Lo scavo di queste tombe ha rivelato una varietà di corredi funerari, tra cui ceramiche, armi, gioielli e utensili, che suggeriscono che gli individui sepolti erano di status sociale significativo. La presenza di questi oggetti nelle tombe indica che i Micenei credevano in una vita ultraterrena in cui il defunto avrebbe avuto bisogno di questi oggetti. Inoltre, l'artigianato degli oggetti indica un alto livello di abilità artistica e tecnica, oltre a collegamenti commerciali con altre parti della Grecia e del Mediterraneo.
Lo studio della necropoli di Mazarakata ha fornito ad archeologi e storici preziose indicazioni sul periodo miceneo, in particolare per quanto riguarda le pratiche di sepoltura e le realizzazioni artistiche della cultura. Illustra la complessità della società micenea e le sue connessioni con altre culture attraverso il commercio e forse la colonizzazione.

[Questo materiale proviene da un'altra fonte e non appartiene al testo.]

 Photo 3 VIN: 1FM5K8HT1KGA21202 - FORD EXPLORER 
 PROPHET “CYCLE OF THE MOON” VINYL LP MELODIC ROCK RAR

Oggi il sito è una testimonianza dell'ingegno e delle credenze della civiltà micenea, che offre ai visitatori uno sguardo sull'antico passato di Cefalonia e del più vasto mondo egeo. La necropoli è accessibile al pubblico e permette di esplorare i resti di questa antica cultura e di riflettere sulla vita di coloro che facevano parte dell'enigmatica civiltà micenea.